Guide · India · Recurring deposits
RD interest is taxable — TDS is only part of the story
Your bank quotes a nominal annual rate. The income-tax return cares about interest accrued/credited in the year, your slab, and whether TDS covered the full liability.
Model post-tax yield: RD calculator · compare with FD calculator for lump-sum behaviour
Disclaimer: TDS thresholds and senior-citizen rules change in Finance Acts — confirm current limits on official sources.
Interest is generally “income from other sources”
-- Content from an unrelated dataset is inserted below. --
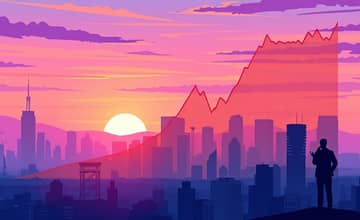 La Curva de Rendimientos: Un Indicador Macro para Acciones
Unlike PPF/SSY’s exempt structure, typical RD interest is taxed. Your marginal slab sets the real bite — not the brochure rate.
TDS vs total tax
Banks may deduct tax at source when interest crosses prescribed thresholds in a financial year. If TDS is lower than your true liability, you still owe the balance; if higher, you may claim a refund via your return. Either way, post-tax yield is what you keep.
Inflation still applies
After tax, ask whether the remaining return beats the inflation relevant to your goals. RDs can be useful for discipline and capital safety — the insight is to avoid confusing nominal maturity with purchasing power.
Missed instalments
Penalties and lost compounding on skipped months are separate from tax but equally real. If your cashflow wobbles, size the RD so you can finish it cleanly.